Не помогло. Главного редактора Валентина Осипова и директора Мелентьева опытная уже Бела Клюева обошла, объяснив, что рукопись читать не обязательно — это же Стругацкие, профессионалы, но после вёрстки… Цензуру на кривой кобыле не объедешь — в издательствах сидели штатные представители Главлита, они читали всё, и давить на них было бесполезно. Тётка
В тех же воспоминаниях есть любопытный штришок к портрету Поликарпова. Через пару месяцев, понимая, что дело не только в Стругацких, что редакцию Жемайтиса вообще начинают здорово прижимать, Бела Григорьевна всё-таки решается сходить на приём в ЦК КПСС. Дмитрий Алексеевич вполне приветлив с нею, но говорит буквально следующее: «Ты зря пришла. Разве это беда? Вот когда будет совсем худо, тогда приходи». К сожалению, такими показушно участливыми, а на самом деле цинично изворотливыми были практически все люди во власти. Другие там просто не уживались. Помогать можно было и нужно именно тогда, а когда станет «совсем худо», тогда уже поздно. Однако «доброму дяденьке» из ЦК было элементарно неохота взваливать на себя лишнюю проблему. Да и боязно — как человек хрущёвской команды в ЦК он и сам всё время ходил по лезвию бритвы. Ну и доходился — скоропостижно умер в ноябре того же года.
Итак, 12 июля БН срочно приезжает в Москву, они вместе с АНом и Белой Клюевой сидят у другого опытного бойца издательского фронта — Нины Берковой, — и разрабатывают план конкретных действий. Дело в том, что АН уже взял билеты на поезд и буквально через день уезжает вдвоём с женой в Одессу, в Дом творчества на Большом Фонтане, а директор «МГ» Мелентьев вызывает их на ковёр. Что ж, отдуваться предстоит Борису — может, оно и к лучшему. Аркадий начальству московскому сильнее глаза намозолил, да и вообще Борис считается более рассудительным и хладнокровным для подобных дел.

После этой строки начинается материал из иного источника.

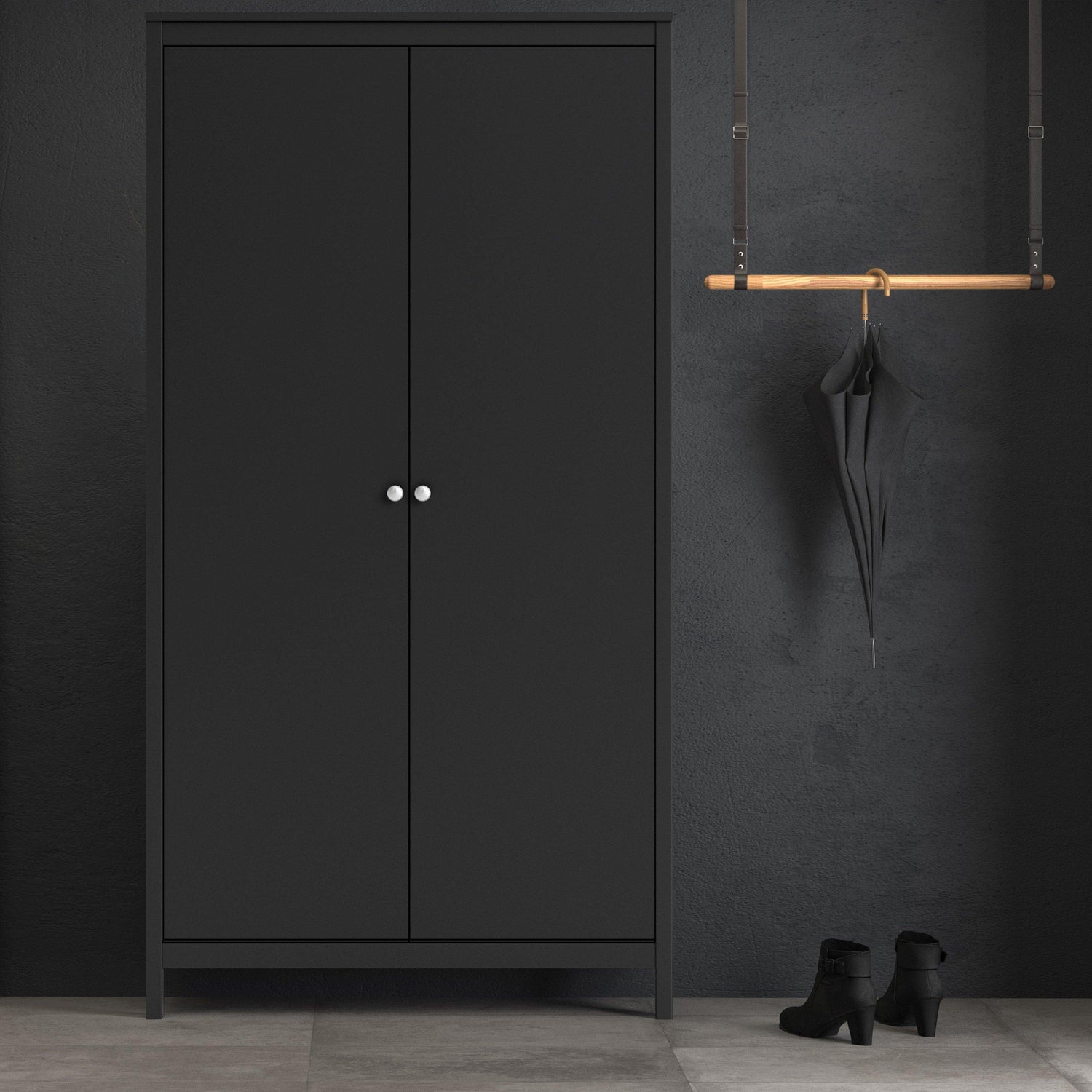 Madrid Wardrobe with 2 doors - Home Utopia 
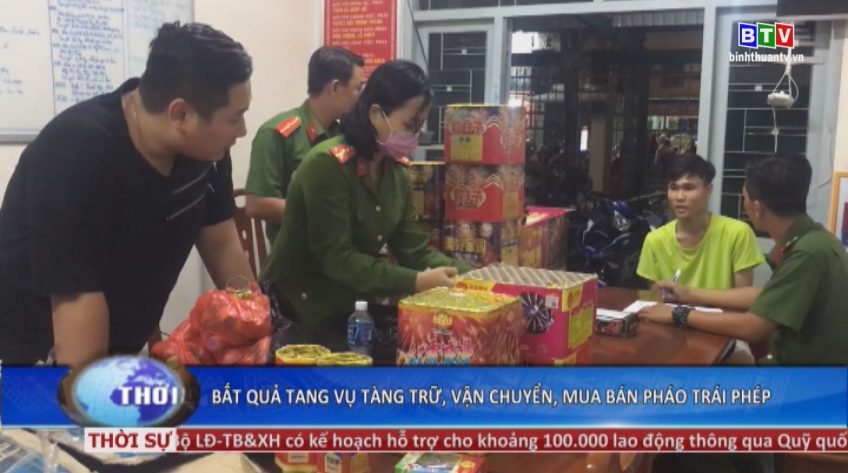 Bắt quả tang vụ tàng trữ, vận chuyển , mua bán pháo trái phép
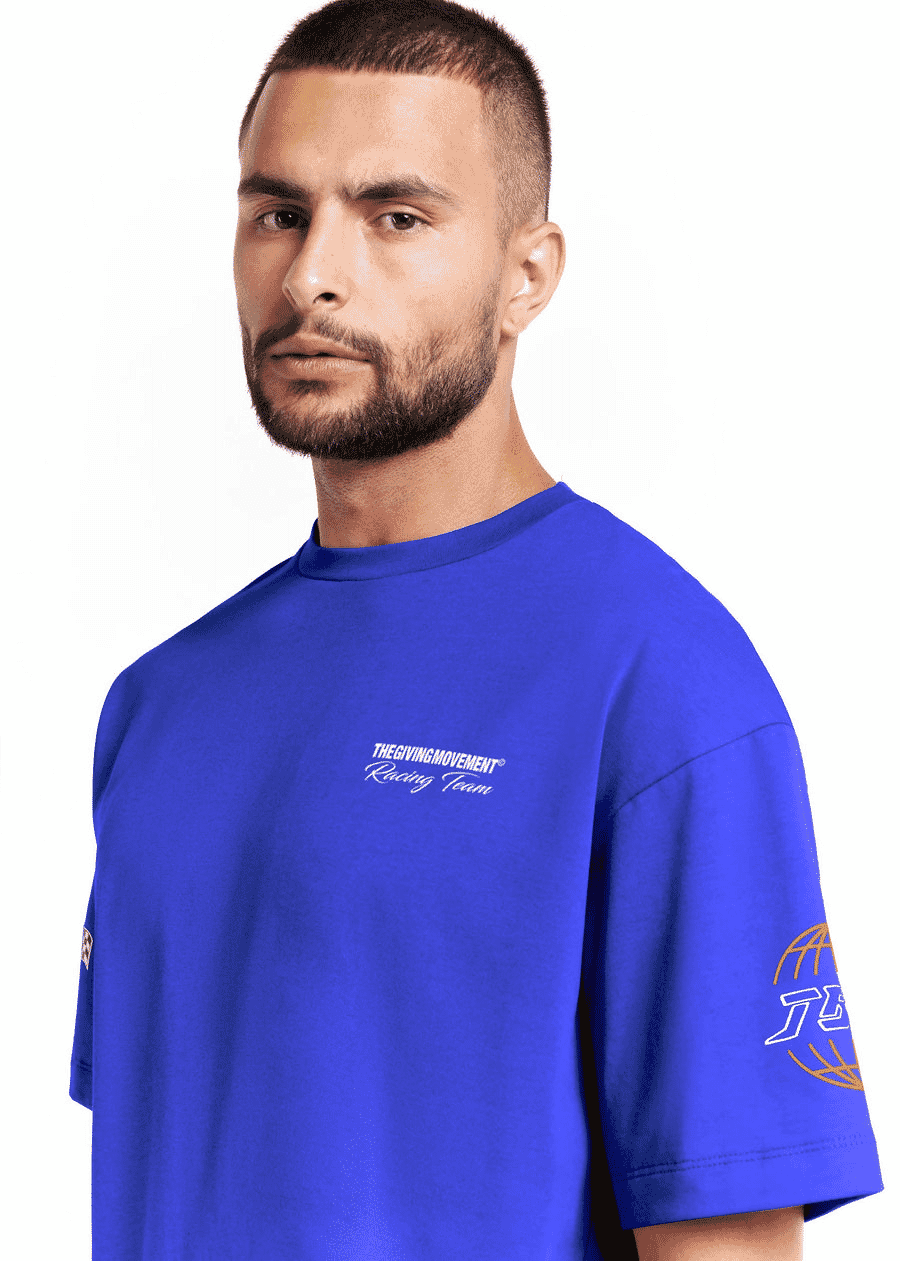 THE GIVING MOVEMENT RELAXED FIT PRINTED BIKER T-SHIRT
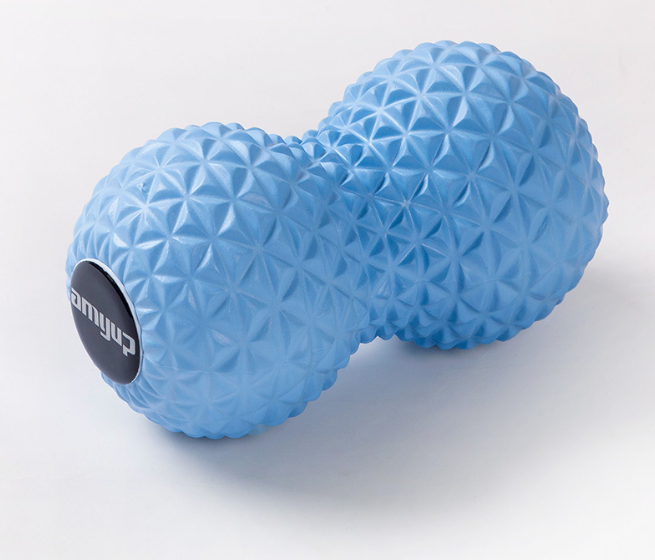EVA Peanut Massage Ball Double Lacrosse Massage Ball Mobility Ball for Physical Therapy Deep Tissue Massage Tool Back Hand Foot - Korvel
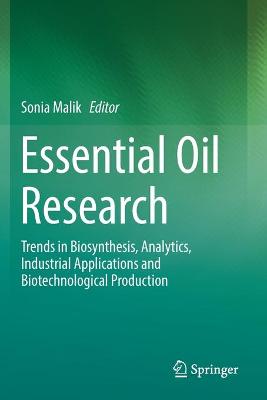 Cover of Essential Oil Research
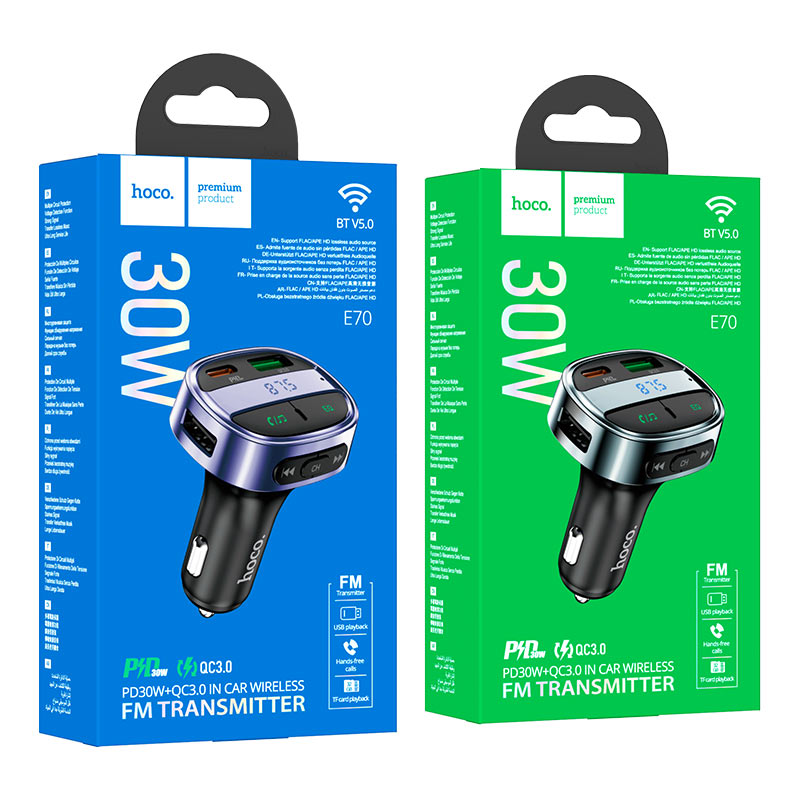 Hoco E70 FM Transmitter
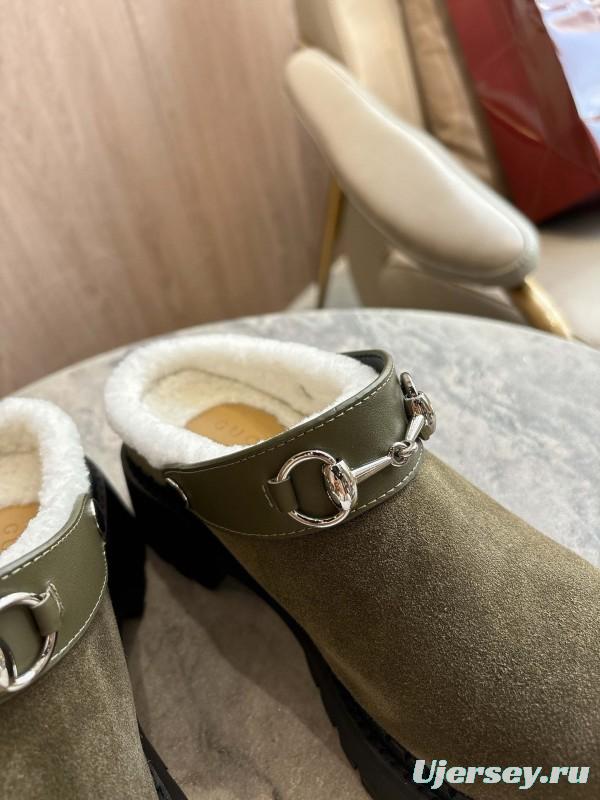 Hermès Teddy Wool H Slippers Flat Sole Fur Slides - LY00260/230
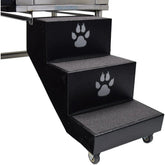 Groomer's Best Stainless Steel Elite Dog Grooming Bath Tub w/ Steps - GB-GB48EL-L-B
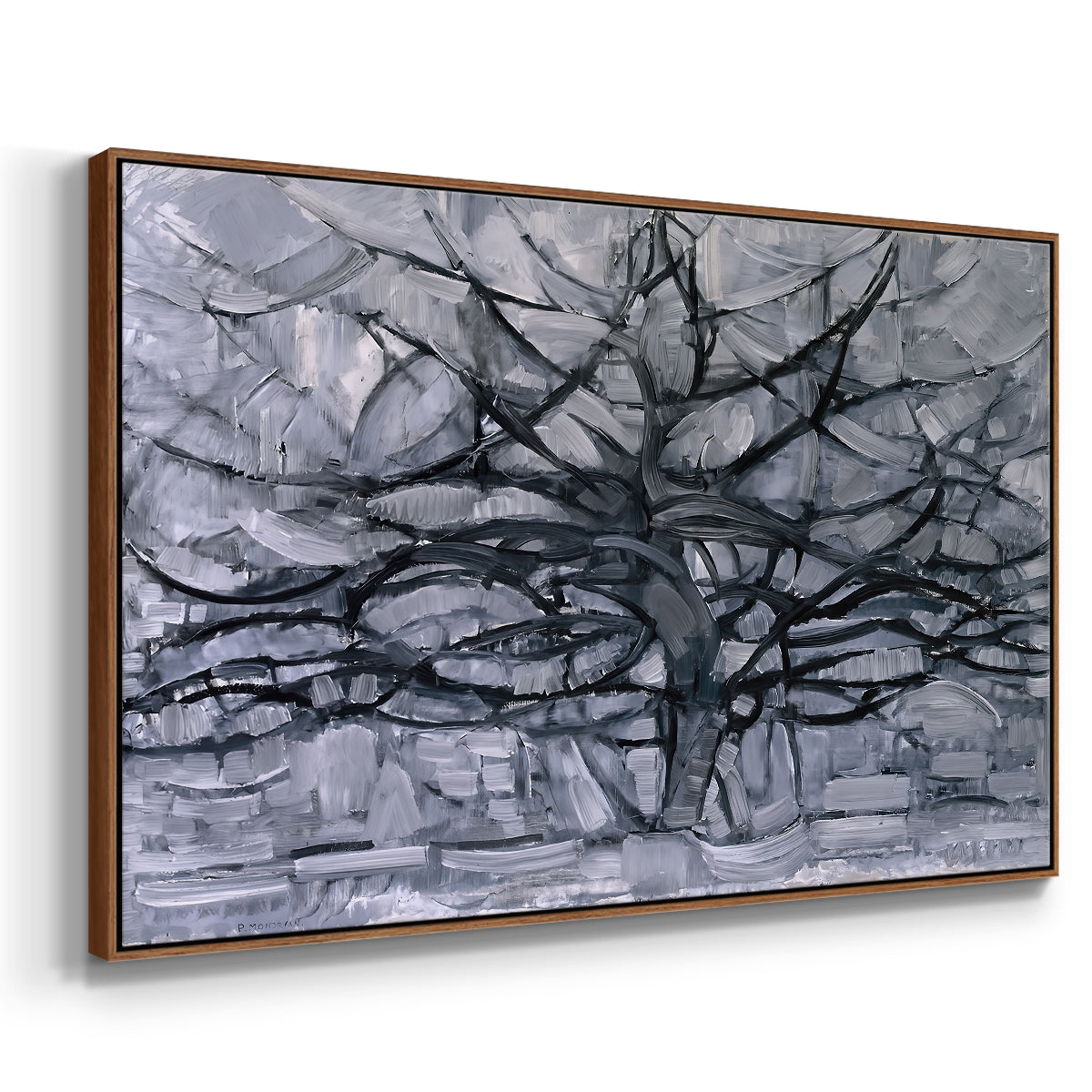 The Gray Tree, 1911 - Floater Framed Canvas Print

16 июля БН принимает главное сражение и выходит из него с честью и с минимальными потерями. Требуется, конечно, некоторая правка, но в пределах допустимого. На это уходят не столько время, сколько нервы. Хотя и время тоже. 24 июля БН даёт телеграмму в Одессу о том, что книга ушла на вторую сверку, но только 3 сентября она будет окончательно подписана к печати и передана в производство. Хотя оттиражированные для неё обложки уже месяца три томятся на складе типографии. Благодаря этому сам тираж появится очень быстро — раньше 20 сентября («Понедельник» в «Детлите» выйдет на месяц позже). Итак, очередная пиррова победа. Это отчётливо видно по надписям, которые делают авторы на своей книге.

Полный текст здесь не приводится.